08-A crash course in statistics and modeling

Getting started

Create a new project named “Session 8”. (For instructions on how to create a new project, see Session 5’s code file.) Move these files into the newly created “Session 8” folder (they can be downloaded from the course website):

Spotify starter.Rmd
spotify-2017.csv

Open Spotify starter.Rmd by clicking on it in the Files pane. This R markdown file contains some information on the dataset, as well as some pre-processing that I’ve done. Put your name as author in the YAML header and knit the document. (If the knitting doesn’t work, look at the R Markdown console to see what caused the error. It is probably due to files not being in the right place.)

Recall that when we knit a document, R essentially starts a new session/environment and runs all the code there. To replicate the code in our console, click on Run, then Run All.

(Remember that you can’t just copy all of the .Rmd file and paste it in the console, since the R console will only understand the parts in the code chunks, not the stuff outside.)

Testing the difference in tempo between songs of different mode

Each song comes in a particular key, and keys are grouped into “Major” keys and “Minor” keys. Major keys are generally happy-sounding, while minor keys sound more melancholic. Let’s say we want to test if the difference in tempo (speed of the song) between songs in major and minor keys. One way to do this is to test if the mean tempo of songs in major keys is different from that for songs in minor keys. Let’s create a new chunk to compute these means:

df %>% group_by(mode) %>%
    summarize(mean_tempo = mean(tempo))

We see that songs in minor key have mean tempo of ~116 bpm, while songs in major key have a slightly faster mean tempo of ~122 bpm. Is this difference significant? To test for significance, one option we have is to use the two-sided \(t\)-test. (Whether the \(t\)-test is appropriate is a question left for a statistical methods class.)

The code for performing a two-sided \(t\)-test is below:

major_data <- (df %>% filter(mode == "Major"))$tempo
minor_data <- (df %>% filter(mode == "Minor"))$tempo
t.test(major_data, minor_data, alternative = "two.sided")

From the readout, the \(p\)-value for this test is around 0.30, which is fairly large.
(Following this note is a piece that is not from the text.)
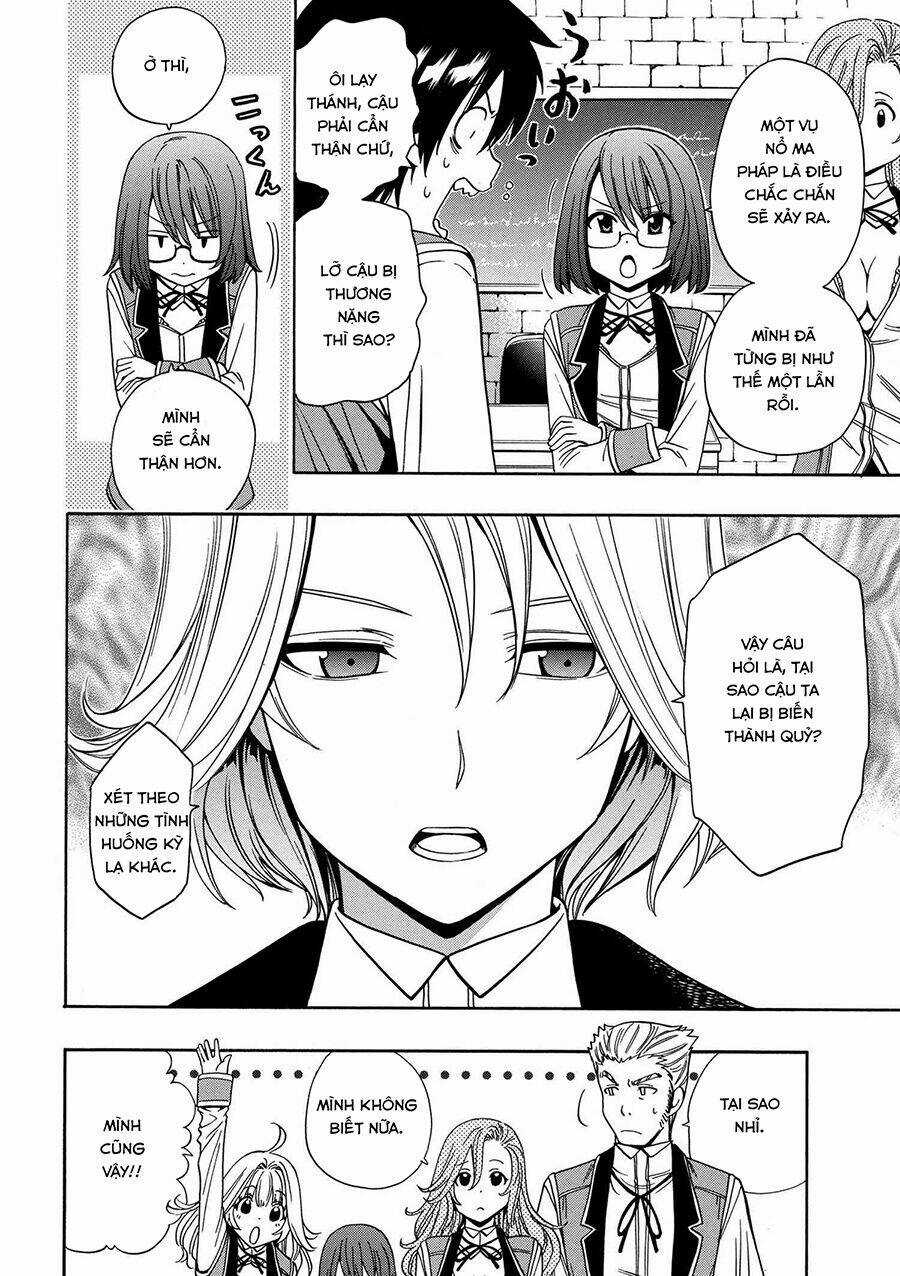 Cháu Trai Của Hiền Nhân Chapter 7.2 trang 8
We wouldn’t reject the null hypothesis in favor of the alternative hypothesis.

The readout also gives us a confidence interval: this is an interval which will capture the true value of the difference 95% of the time (if we were to repeat this procedure over and over again).
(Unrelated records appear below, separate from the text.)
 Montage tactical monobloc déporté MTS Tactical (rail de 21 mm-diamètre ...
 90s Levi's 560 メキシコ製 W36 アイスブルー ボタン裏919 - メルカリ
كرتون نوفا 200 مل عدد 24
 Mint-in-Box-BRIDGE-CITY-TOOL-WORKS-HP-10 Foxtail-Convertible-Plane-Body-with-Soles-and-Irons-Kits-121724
The \(t\)-test makes some strong assumptions on how the data was generated. (We call it a parametric test). If we don’t want to make assumptions on how the data was generated, we can use a non-parametric test, such as the Kolmogorov-Smirnov test, which tests whether the distribution of 2 variables is the same or not:

ks.test(major_data, minor_data, alternative = "two.sided")

Relationship between valence and loudness

Next, let’s perform linear regression on valence vs. loudness. We expect increasing loudness to result in increasing valence. Linear regression is easily done in R with the lm function:

lm(valence ~ loudness, data = df)

The line above finds the coefficients \(a_1\) and \(a_2\) such that the line \(valence = a_1 + a_2 \cdot loudness\) fits the data best. From the output, we can see that the line of best fit is \(score = 0.79386 + 0.04897 \cdot alc\). The coefficients mean that for every unit increase in the loudness scale, valence increases correspondingly by 0.04897. This matches our expectations.
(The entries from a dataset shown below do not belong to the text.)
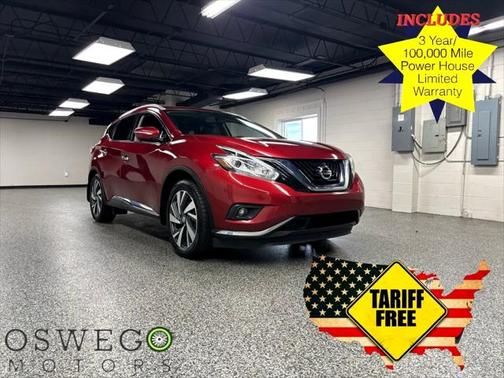 2015 Nissan Murano Platinum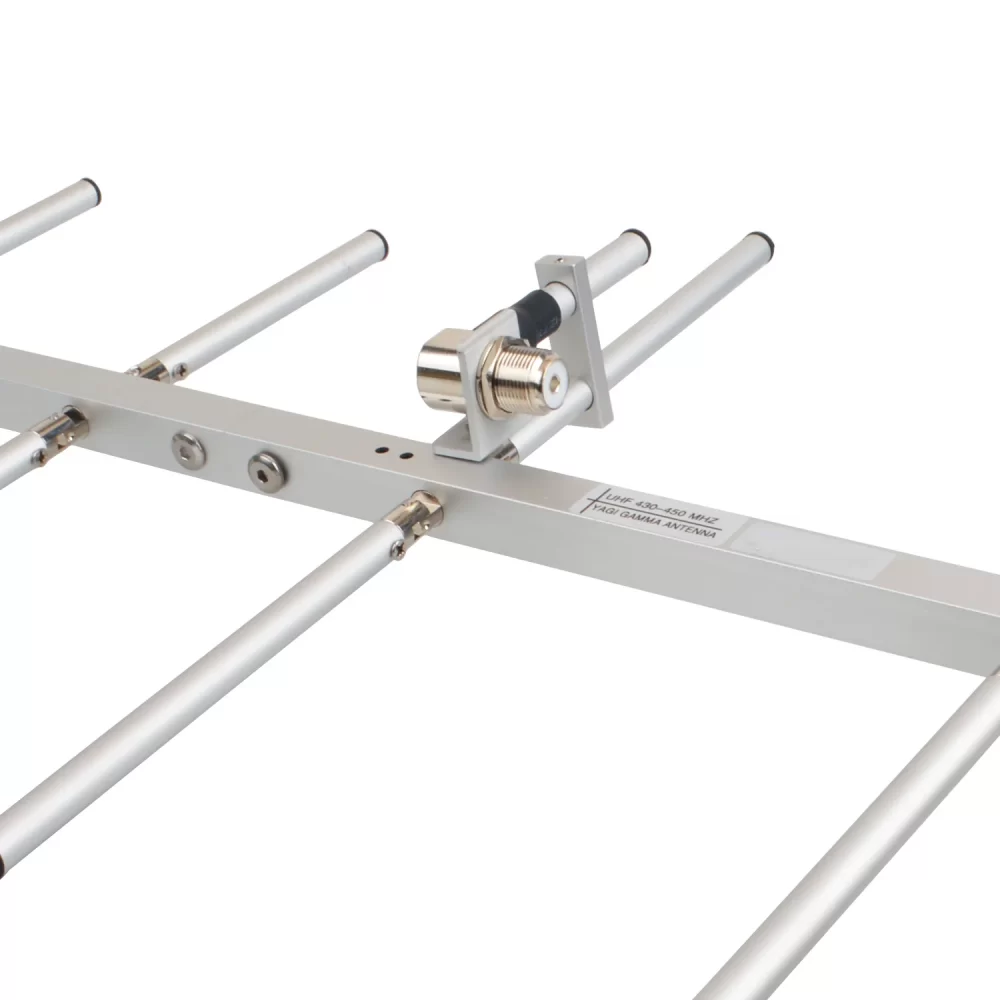 Walkie Talkie Antenna UHF 400-470MHz Frequency Adjustable Collapsible Free Disassembly 5 Elements Yagi Directional Antenna 13dBi - Image 4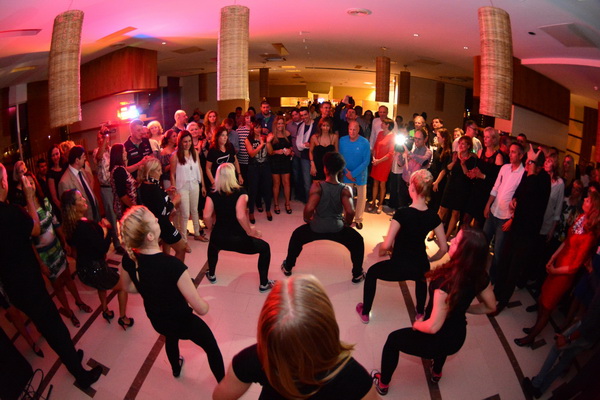 Gala večera sudionika Svjetske lige veterana u hotelu Funimation, Foto: Iva Perinčić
The output of the lm function doesn’t give us any information other than the coefficients. We can use the summary function to get more information:

fit <- lm(valence ~ loudness, data = df)
summary(fit)

Residuals refer to the differences between the actual score, and the score predicted by the linear regression. This is something that we look at to check if the linear regression model makes sense.

Instead of just the value of the coefficients, we have more information in a table. Look at the p-values in the last column. The p-value for loudness is the result of testing the null hypothesis coefficient for loudness \(= 0\) (i.e. loudness is uncorrelated with valence) vs. the alternative hypothesis coefficient for loudness \(\neq 0\) (i.e. loudness is correlated with valence). The p-value is very small, and so the data is not consistent with the null hypothesis (i.e. no relationship). We would conclude that there is a statistically signifcant relationship between loudness and valence.

We can plot the linear fit on a scatterplot using geom_smooth and specify the method as “lm”:

ggplot(data = df, mapping = aes(x = loudness, y = valence)) +
    geom_point() +
    geom_smooth(method = "lm")

Modeling valence as a function of loudness and mode

It is likely that valence is influenced by more than 1 variable. We can fit more complex linear models with the lm function as well. The code below fits the additive model \(valence = a_1 + a_2 \cdot loudness + a_3 \cdot modeMajor\):

fit <- lm(valence ~ loudness + mode, data = df)
summary(fit)

When faced with a categorical variable, R chooses a baseline category (in this case, “Minor”). It then creates a series of other “dummy” variables for all the other categories. For a particular row, the value of the dummy variable is 1 if the row belongs to that category, 0 otherwise. In this example, the only other category for mode is “Major”, so R creates a dummy variable modeMajor which has value 1 if the row belongs to a song in the major key, 0 otherwise.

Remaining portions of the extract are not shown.